Gert Brieger, who directed the Department of the History of Medicine from 1984 to 2002, spent most of his professional career immersed in the legacies of great physicians and scientists.
Yet Brieger also experienced history — of a terrible sort — firsthand. Born in Hamburg, Germany, in 1932, he barely escaped the horrors of the Holocaust. He fled at the age of 6 with his family on the last passenger steamer from Hamburg to the United States.

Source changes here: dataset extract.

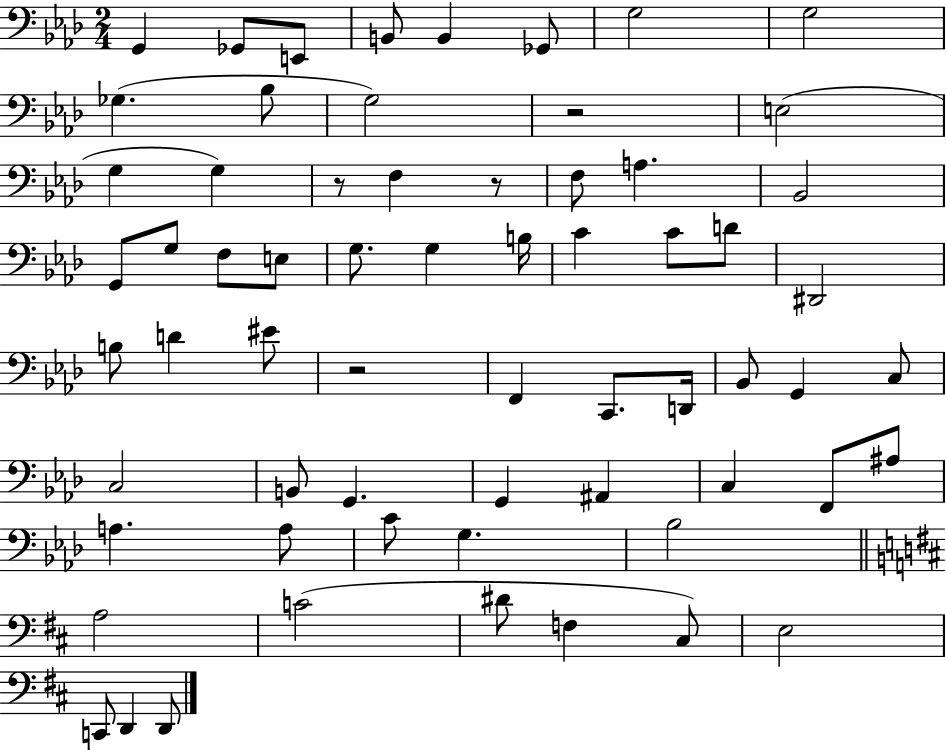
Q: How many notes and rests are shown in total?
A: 64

Their departure was on November 8, 1938 — the day before Kristallnacht, a harbinger of more horrific things to come.
Once in the U.S., Brieger grew up in San Francisco, earned his M.D. in 1957 from the University of California, San Francisco; a M.P.H. from Harvard in 1962; and a 1968 Ph.D. in the history of medicine from Johns Hopkins under the mentorship of then director Owsei Temkin (1902–2002), a leading expert on the history of medicine and culture.
Brieger served on the department’s faculty from 1966 to 1970; headed medical history programs at both Duke and the University of California, San Francisco; and served as president of the American Association of the History of Medicine before returning to Johns Hopkins in 1984 to become director of the Department of the History of Medicine.
He died on January 13, 2021, of heart failure at the age of 89.
“He transformed the department from a research center with occasional students into a rigorous and successful academic graduate program, central to the life of the department and the field of the history of medicine,” says Jeremy Greene, the current department director and a protégé of Brieger. “He was a towering figure in our field, and he played a key part in building the history of medicine and technology here at Johns Hopkins and beyond.”
A co-author of the two-volume 1989 history of Johns Hopkins Medicine entitled A Model of Its Kind: A Centennial History of Medicine at Johns Hopkins, Brieger was “warm, open and generous with his time and advice,” Greene says.